- _Exercise_
All entries shown below should be duplicated character for character.

- _Task data_
##########
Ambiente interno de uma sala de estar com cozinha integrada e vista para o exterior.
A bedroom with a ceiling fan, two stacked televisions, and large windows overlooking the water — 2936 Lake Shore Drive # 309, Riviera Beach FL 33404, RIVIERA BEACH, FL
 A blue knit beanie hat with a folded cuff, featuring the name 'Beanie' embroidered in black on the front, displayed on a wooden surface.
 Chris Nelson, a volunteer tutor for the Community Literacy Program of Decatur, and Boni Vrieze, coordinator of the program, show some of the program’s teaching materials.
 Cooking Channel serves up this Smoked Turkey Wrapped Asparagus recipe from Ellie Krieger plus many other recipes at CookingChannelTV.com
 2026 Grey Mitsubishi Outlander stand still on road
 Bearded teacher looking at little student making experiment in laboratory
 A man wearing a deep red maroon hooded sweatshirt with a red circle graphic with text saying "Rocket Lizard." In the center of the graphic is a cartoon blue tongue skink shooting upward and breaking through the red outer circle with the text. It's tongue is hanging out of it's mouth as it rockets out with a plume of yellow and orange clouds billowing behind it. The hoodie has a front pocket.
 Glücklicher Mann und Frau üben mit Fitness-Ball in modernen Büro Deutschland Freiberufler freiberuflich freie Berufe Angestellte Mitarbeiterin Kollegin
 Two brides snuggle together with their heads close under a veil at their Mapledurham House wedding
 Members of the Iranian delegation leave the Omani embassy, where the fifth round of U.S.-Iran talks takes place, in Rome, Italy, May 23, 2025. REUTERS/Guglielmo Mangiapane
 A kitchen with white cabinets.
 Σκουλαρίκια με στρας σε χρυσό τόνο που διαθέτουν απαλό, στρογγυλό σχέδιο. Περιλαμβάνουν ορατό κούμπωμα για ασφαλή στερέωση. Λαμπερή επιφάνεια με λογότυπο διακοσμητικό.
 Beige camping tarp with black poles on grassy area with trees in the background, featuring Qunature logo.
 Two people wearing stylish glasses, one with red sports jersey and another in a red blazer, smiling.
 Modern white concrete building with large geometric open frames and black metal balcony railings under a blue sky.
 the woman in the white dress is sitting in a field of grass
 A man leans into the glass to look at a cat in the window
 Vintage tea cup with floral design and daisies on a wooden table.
##########
- _Response for this exercise_
Ambiente interno de uma sala de estar com cozinha integrada e vista para o exterior.
A bedroom with a ceiling fan, two stacked televisions, and large windows overlooking the water — 2936 Lake Shore Drive # 309, Riviera Beach FL 33404, RIVIERA BEACH, FL
 A blue knit beanie hat with a folded cuff, featuring the name 'Beanie' embroidered in black on the front, displayed on a wooden surface.
 Chris Nelson, a volunteer tutor for the Community Literacy Program of Decatur, and Boni Vrieze, coordinator of the program, show some of the program’s teaching materials.
 Cooking Channel serves up this Smoked Turkey Wrapped Asparagus recipe from Ellie Krieger plus many other recipes at CookingChannelTV.com
 2026 Grey Mitsubishi Outlander stand still on road
 Bearded teacher looking at little student making experiment in laboratory
 A man wearing a deep red maroon hooded sweatshirt with a red circle graphic with text saying "Rocket Lizard." In the center of the graphic is a cartoon blue tongue skink shooting upward and breaking through the red outer circle with the text. It's tongue is hanging out of it's mouth as it rockets out with a plume of yellow and orange clouds billowing behind it. The hoodie has a front pocket.
 Glücklicher Mann und Frau üben mit Fitness-Ball in modernen Büro Deutschland Freiberufler freiberuflich freie Berufe Angestellte Mitarbeiterin Kollegin
 Two brides snuggle together with their heads close under a veil at their Mapledurham House wedding
 Members of the Iranian delegation leave the Omani embassy, where the fifth round of U.S.-Iran talks takes place, in Rome, Italy, May 23, 2025. REUTERS/Guglielmo Mangiapane
 A kitchen with white cabinets.
 Σκουλαρίκια με στρας σε χρυσό τόνο που διαθέτουν απαλό, στρογγυλό σχέδιο. Περιλαμβάνουν ορατό κούμπωμα για ασφαλή στερέωση. Λαμπερή επιφάνεια με λογότυπο διακοσμητικό.
 Beige camping tarp with black poles on grassy area with trees in the background, featuring Qunature logo.
 Two people wearing stylish glasses, one with red sports jersey and another in a red blazer, smiling.
 Modern white concrete building with large geometric open frames and black metal balcony railings under a blue sky.
 the woman in the white dress is sitting in a field of grass
 A man leans into the glass to look at a cat in the window
 Vintage tea cup with floral design and daisies on a wooden table.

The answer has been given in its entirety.